Jill Franke of Sycamore was admiring Schreiber’s barn and said she loves old barns for their history and architecture.

“I like to see how they built the barns and how they were used. It’s nice that people are willing to keep them even though they’re not used for farming,” she said. 

Donna Lucas Peterson of Kingston grew up on a dairy farm, so visiting the old barns brought back childhood memories for her. She has come to all three barn tours.

“I helped feed the cows, and I was out in the barn more than the house,” she said. “I don’t like to see barns torn down. They’re uniquely made and very interesting.”

Charlie and Nancy Schelkopf’s Kingston barn was built in 1937 and was built using wooden pegs. While it’s now used for storage, it once housed cows, horses and chickens. Ed Peterson, a volunteer at the Schelkopf farm, said at the time the barn was built, farming was transitioning from horses to tractors.

“People are interested in barns because they’re built to last more than 100 years. This is part of our heritage, and soon there will only be a few left,” he said. 

This is the second year that Amy and Dale Hamilton of Sandwich have taken the barn tour. Amy said she thinks of barns as works of art.

“The quality of the craftsmanship is incredible, and you can tell it’s the original construction,” she said about the Schelkopf barn. “I like to the smell of them. I grew up with a barn in my backyard, and it was the best place ever to play.”

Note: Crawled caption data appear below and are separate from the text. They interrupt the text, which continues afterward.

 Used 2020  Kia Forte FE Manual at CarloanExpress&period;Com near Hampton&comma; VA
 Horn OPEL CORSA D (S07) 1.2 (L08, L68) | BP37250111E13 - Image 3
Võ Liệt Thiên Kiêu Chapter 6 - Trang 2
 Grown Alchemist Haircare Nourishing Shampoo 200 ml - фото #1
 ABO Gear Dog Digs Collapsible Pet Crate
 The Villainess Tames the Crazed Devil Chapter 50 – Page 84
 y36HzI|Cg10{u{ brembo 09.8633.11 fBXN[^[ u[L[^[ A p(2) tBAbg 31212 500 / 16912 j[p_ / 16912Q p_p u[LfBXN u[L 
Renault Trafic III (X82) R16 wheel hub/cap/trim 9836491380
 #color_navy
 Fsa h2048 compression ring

Roger Watson of Genoa was making wood barn pegs, similar to the ones used to build the Schelkopf barn.

“There were no nails used in that barn,” he said. “I love to do this work. It’s a part of history, and much of it is lost.”

Julie Bingham was hosting the tour on her family’s Clare barn, which was built in 1939 and once housed cattle and now is used for equipment storage. The barn still has its original wood, but Julie and her husband Art replaced the roof and siding in 2009.

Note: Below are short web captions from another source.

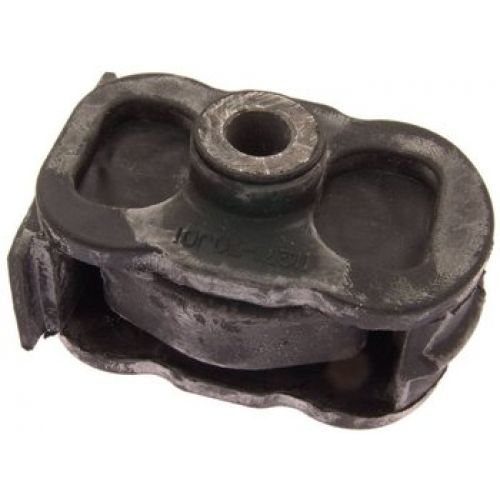 nissan-primera-p10-90-96-p11-w11-96-01-predni.jpg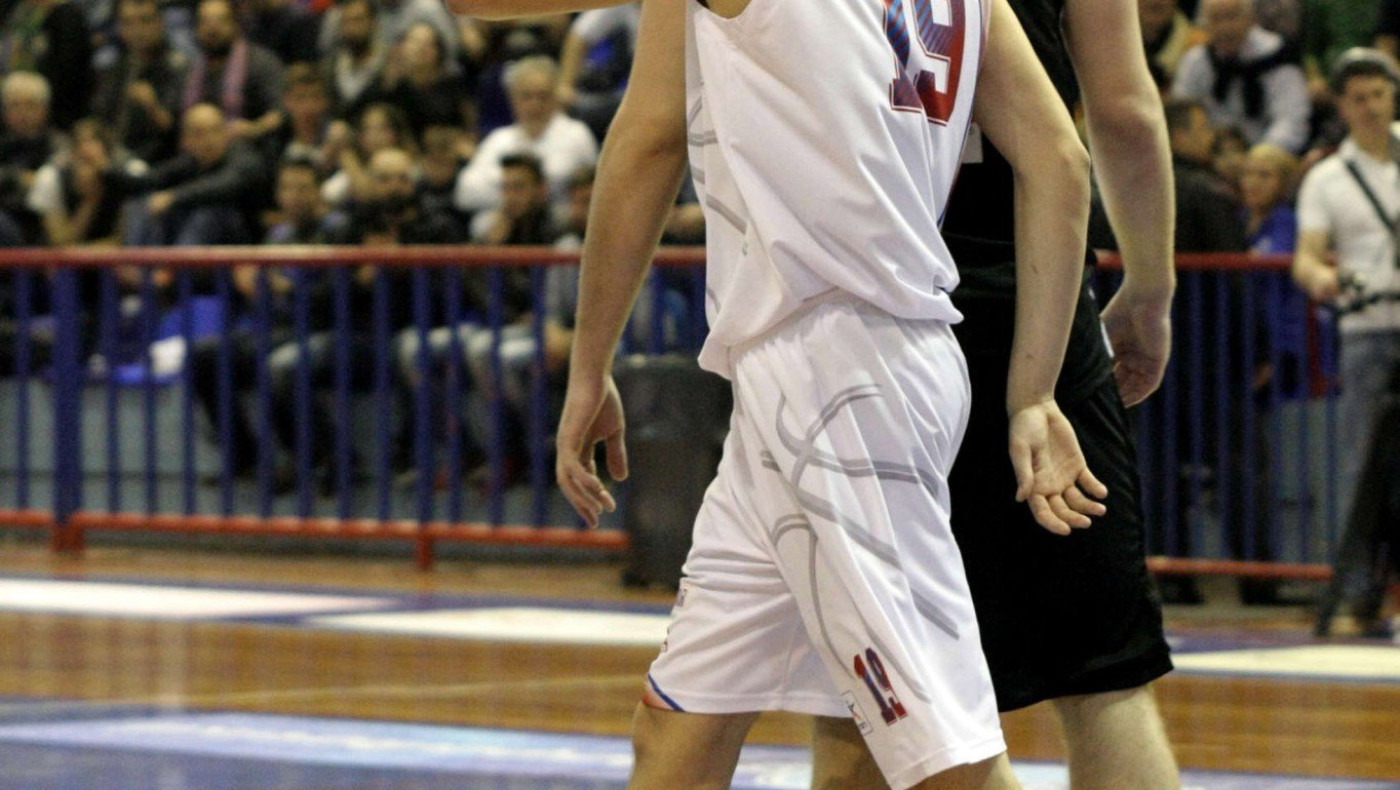 Ο… βαθύτερος ΠΑΟΚ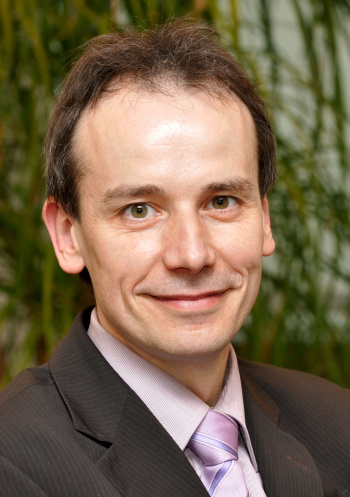 img-137943-Wiesler_0.jpg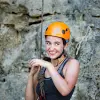 Image of Climbing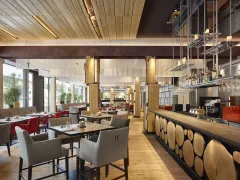 Grand Hotel Hradec – luxus na dohled od Sněžky - foto 6 | brand photo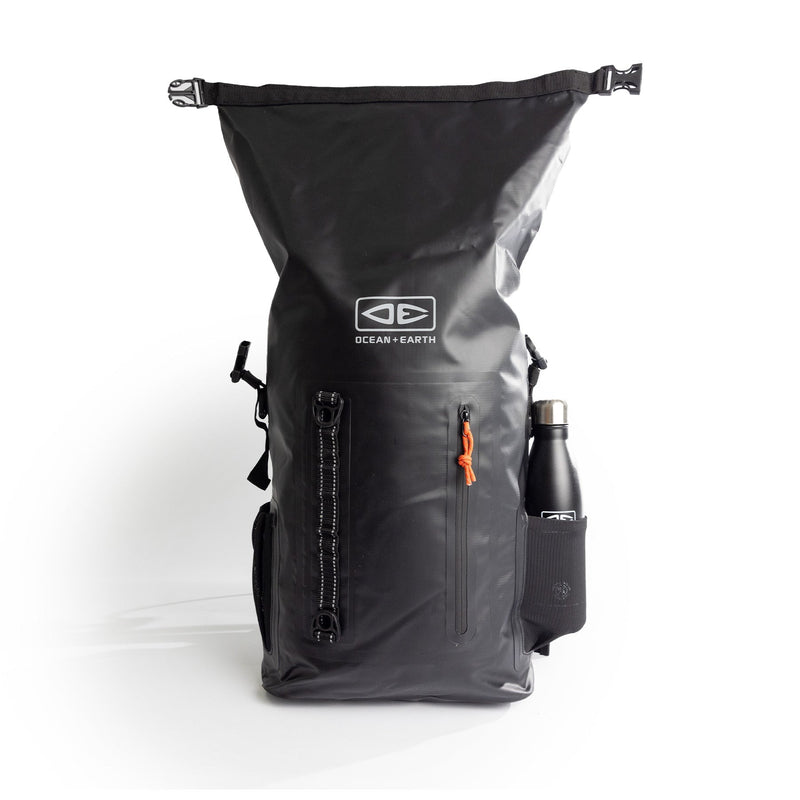 Load image into Gallery viewer, O&E Elemnts Wetsuit Backpack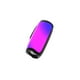 thumbnail image 1 of Parlante ZoundFire Pro Negro, 1 of 3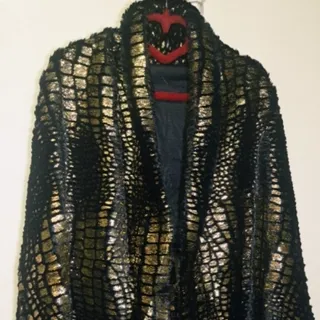 پارچه  مجلسی مخمل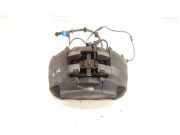 Bremssattel rechts vorne Mercedes-Benz GLC Coupe (C253) 0114219498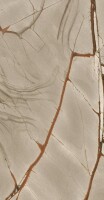 Керамогранит 774891 Nature Mood Rainforest Comfort 6mm 60x120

“My husband wanted to honor what his grandfather built,” Julie Bingham said. ”It’s a part of farming that’s gone because we don’t need barns anymore. But the foundation was crumbling, and something needed to be done. So we decided to preserve it instead of tearing it down.”

The last stop on the tour was the Glidden barn located at the Glidden Homestead. The brick barn, which was built around 1870, was once used to show the Gliddens’ horses, Roger Keys said. 

“This isn’t a typical farm barn, because very few were brick. This is a big, high-end carriage barn that was extremely well-built, and it’s significant,” said Keys, who was hosting the tour of the Glidden barn.  

Monika Marschall, who is from Germany, was touring the barns with her husband, Scott Curts of Aurora. Marschall said she thinks it’s a miracle that so many of the barns on the tour still are standing.

“Every barn was different in its own way,” she said of the eight barns. “I like the red barns because they stand out. We don’t have big red barns in Germany. I liked talking to the owners and hearing their stories.”